By the same token, negativity begets negativity. There are some people who say they would like for me to preach more on condemnation of sin and sinful institutions in our world. They would like for me to talk more about the difficulties we face in this church. We do have our problems, I would never suggest we don’t. We are not universally successful in doing the Lord’s work. But I do not choose to focus on the negative, not because it isn’t there, it is. All you have to do is come to one of our Session meetings; they’re wide open for you, to see that we are not doing all that God wants us to do. But I’m not going to stand in this pulpit and major on the minors. Instead, I delight in telling you that we are one of the largest, strongest, fastest growing, most spirit filled, most dynamic Presbyterian churches in the United States. That’s not because of me or even because of you; it’s because of the power of the Gospel of Jesus Christ to change human lives and to change the world.

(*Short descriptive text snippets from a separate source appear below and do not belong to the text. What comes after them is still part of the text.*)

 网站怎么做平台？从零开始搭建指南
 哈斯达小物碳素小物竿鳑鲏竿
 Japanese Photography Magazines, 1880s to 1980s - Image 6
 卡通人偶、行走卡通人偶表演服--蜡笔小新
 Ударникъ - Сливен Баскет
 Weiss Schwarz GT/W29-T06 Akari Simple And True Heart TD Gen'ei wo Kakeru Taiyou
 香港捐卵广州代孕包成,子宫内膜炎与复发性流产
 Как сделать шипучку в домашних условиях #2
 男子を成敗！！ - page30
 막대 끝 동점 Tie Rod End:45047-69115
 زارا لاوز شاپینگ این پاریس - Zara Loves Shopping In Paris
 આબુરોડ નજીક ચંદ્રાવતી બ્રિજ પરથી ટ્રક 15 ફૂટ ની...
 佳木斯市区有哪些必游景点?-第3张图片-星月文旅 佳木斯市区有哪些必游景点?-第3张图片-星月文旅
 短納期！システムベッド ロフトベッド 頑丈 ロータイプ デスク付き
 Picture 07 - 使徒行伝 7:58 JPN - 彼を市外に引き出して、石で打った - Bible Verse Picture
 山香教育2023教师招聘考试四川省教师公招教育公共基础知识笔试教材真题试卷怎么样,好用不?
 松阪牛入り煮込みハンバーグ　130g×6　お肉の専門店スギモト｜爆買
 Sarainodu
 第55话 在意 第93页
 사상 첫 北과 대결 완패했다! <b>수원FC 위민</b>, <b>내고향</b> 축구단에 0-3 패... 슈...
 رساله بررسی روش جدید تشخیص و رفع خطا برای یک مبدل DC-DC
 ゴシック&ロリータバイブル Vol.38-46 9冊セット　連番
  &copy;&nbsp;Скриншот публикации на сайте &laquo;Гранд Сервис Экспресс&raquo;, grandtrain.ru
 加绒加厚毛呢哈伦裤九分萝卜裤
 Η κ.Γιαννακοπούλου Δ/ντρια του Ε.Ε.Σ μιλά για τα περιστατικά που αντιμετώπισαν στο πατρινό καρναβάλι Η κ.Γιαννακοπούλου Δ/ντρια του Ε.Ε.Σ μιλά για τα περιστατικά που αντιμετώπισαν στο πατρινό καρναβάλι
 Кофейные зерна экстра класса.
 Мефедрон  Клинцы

I wish Nicodemus could have known that. I wish he could have heard Jesus say, “You are the light of the world. You are the salt of the earth. Do not be overcome by evil, but overcome evil with good. Behold, I make all things new; the new has come and the old has passed away. A new commandment I give to you, that you love one another. Seek you first the Kingdom of God and his righteousness and all these other things will be added to you. If you have faith like a grain of mustard seed, you will say to this mountain, move hence to yonder place and it will move and nothing will be impossible to you. In the world you have tribulation but be of good cheer for I have overcome the world.”

I wish Nicodemus could have heard that and believed it. I wish all the children of God could hear it and believe it. For that is the Gospel, my beloved. Let us not be so cautious and careful and hesitant that we miss it.